It’s no secret that circuits are a very general model for computation.

Your computer’s CPU is built from tens of millions of tiny transistors, which form logical circuits that let your computer perform an extremely wide range of operations — from executing a simple multiplication in your calculator app, to complex tasks like controlling the pixels of the screen you’re reading this on.

Unless this text ever makes it to a paper version, in which case you wouldn’t be looking at pixels... But you get the point.

Amazing! But rather than thinking in terms of transistors and physical circuits, we’re talking math here. We’re gonna need a rigorous definition of a circuit — one we can work with in terms of our polynomials and protocols.
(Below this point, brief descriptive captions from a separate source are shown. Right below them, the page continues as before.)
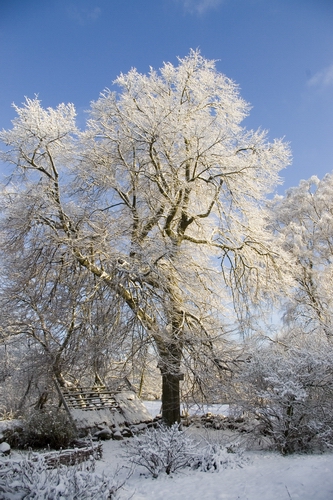 Hrjelgrden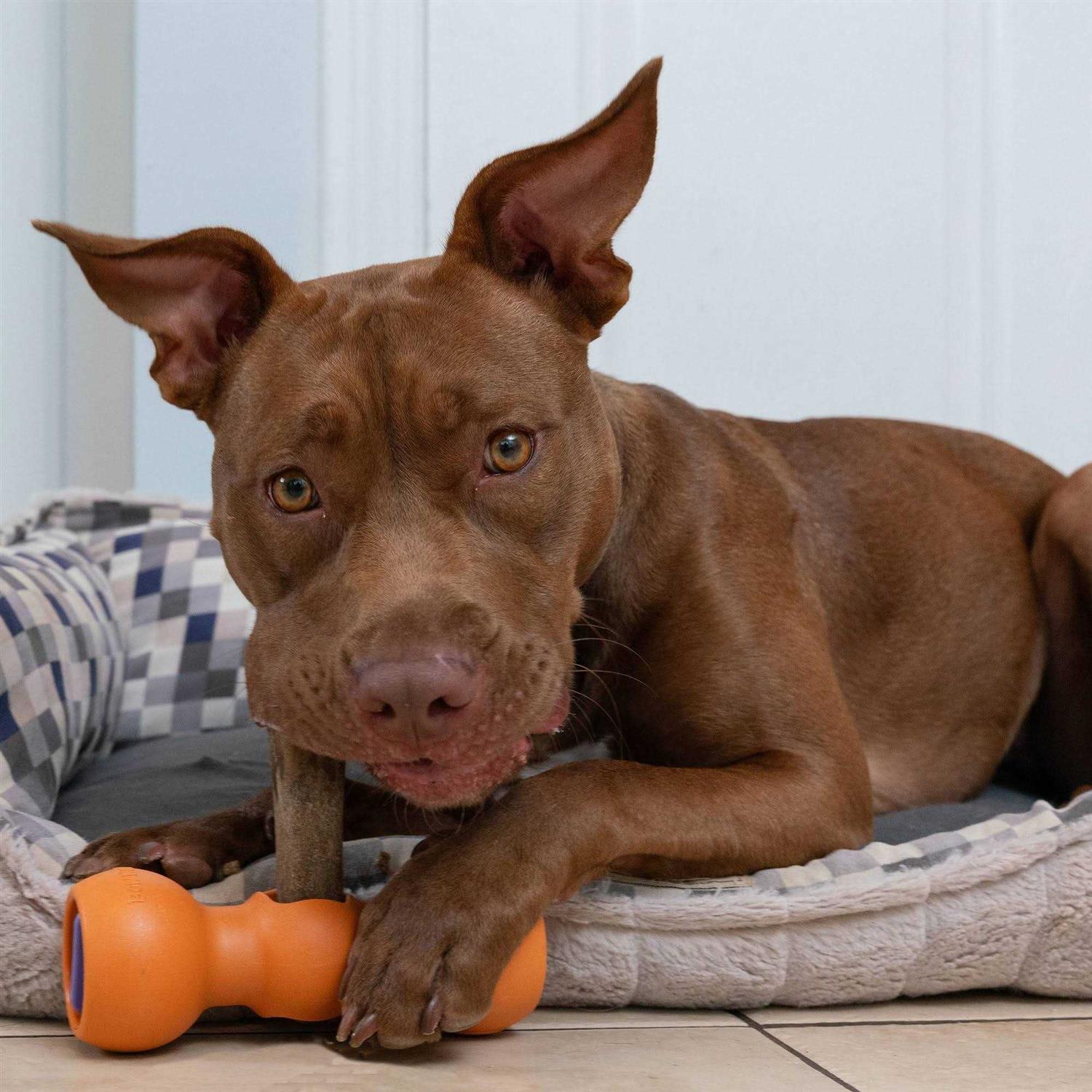 Bow Wow Labs Bully Buddy - Nail Gallerys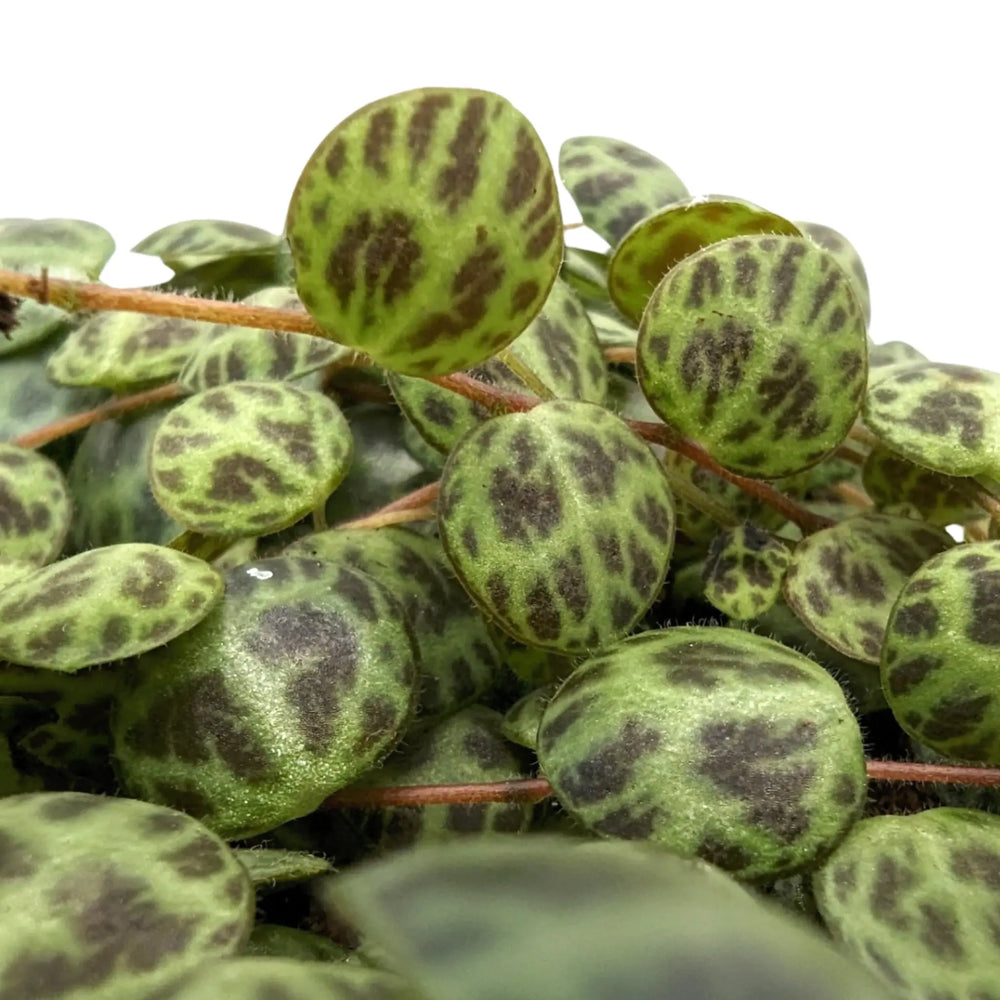 String of Turtles Plant | Peperomia Prostrata - Leaf Culture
So, this is how we define them: a boolean circuit is a directed acyclic graph (DAG) where:

Internal nodes (called gates) represent operations ( $\textrm{AND}$ , $\textrm{OR}$ , $\textrm{NOT}$ , etc.)
Edges (or wires) carry boolean values ( $0$ or $1$ ) between gates
Input nodes have no incoming wires — they’re where we feed our data
Output nodes have no outgoing wires — they produce the final result(s)
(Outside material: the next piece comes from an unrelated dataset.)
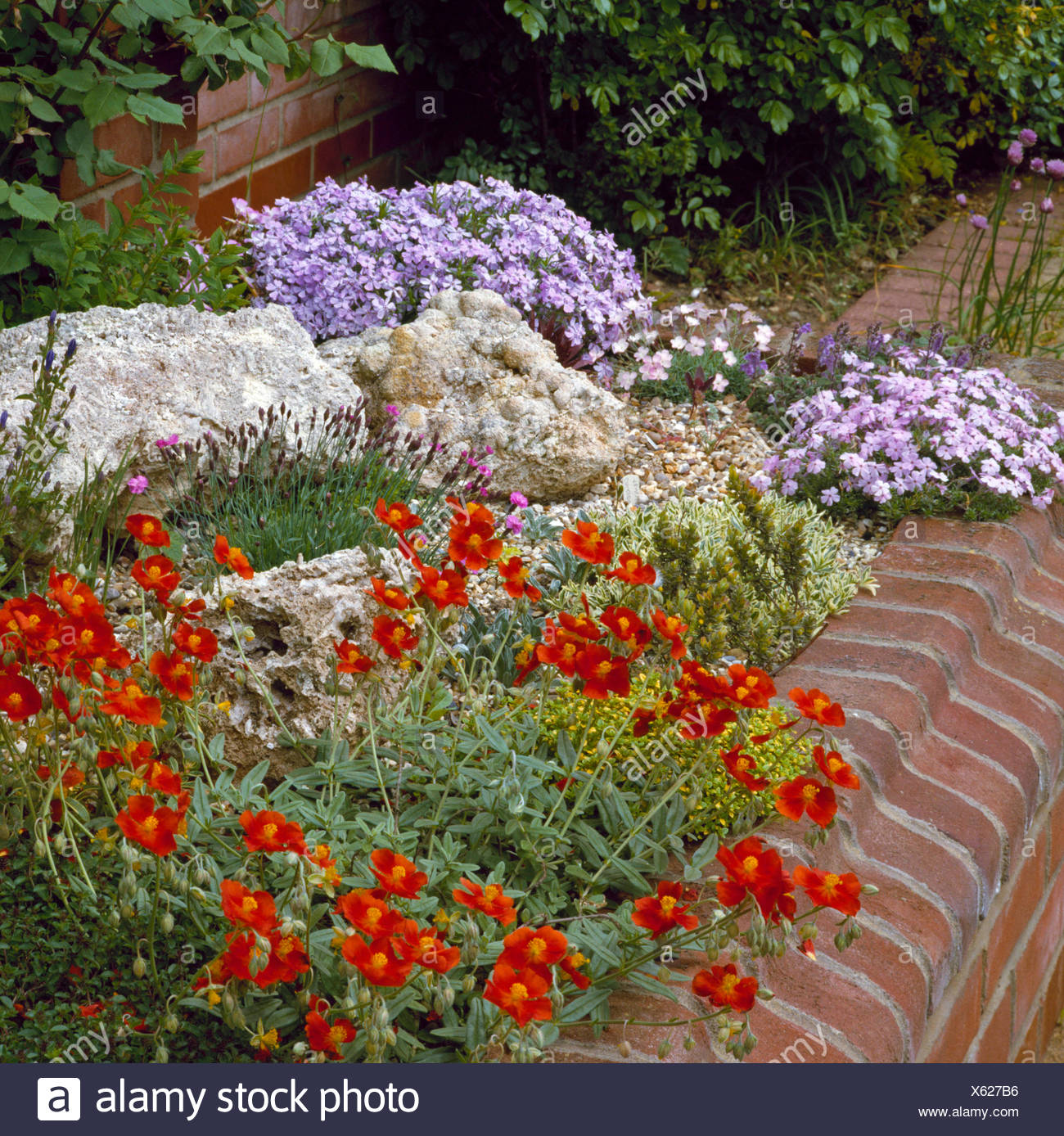 Raised Bed Planted With Alpines Helianthemum Phlox And Dianthus Rab034571 Photos Horticul Stock Photo Alamy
Requiring circuits to be DAGs is essential: it establishes a flow from inputs to outputs, neatly representing a computation.

Here’s an example:

Some formulations put the negations as inputs, thus making the number of inputs a function of the original $n$ inputs. This only impacts cost analysis, but the formulation is completely equivalent!

Circuits can represent a lot of things. In this boolean form, they express logical conditions that we want to evaluate on a series of inputs. For instance: am I over 30, and am I male, and do I have a job or some other kind of source of income? That statement, we can express as a simple boolean circuit!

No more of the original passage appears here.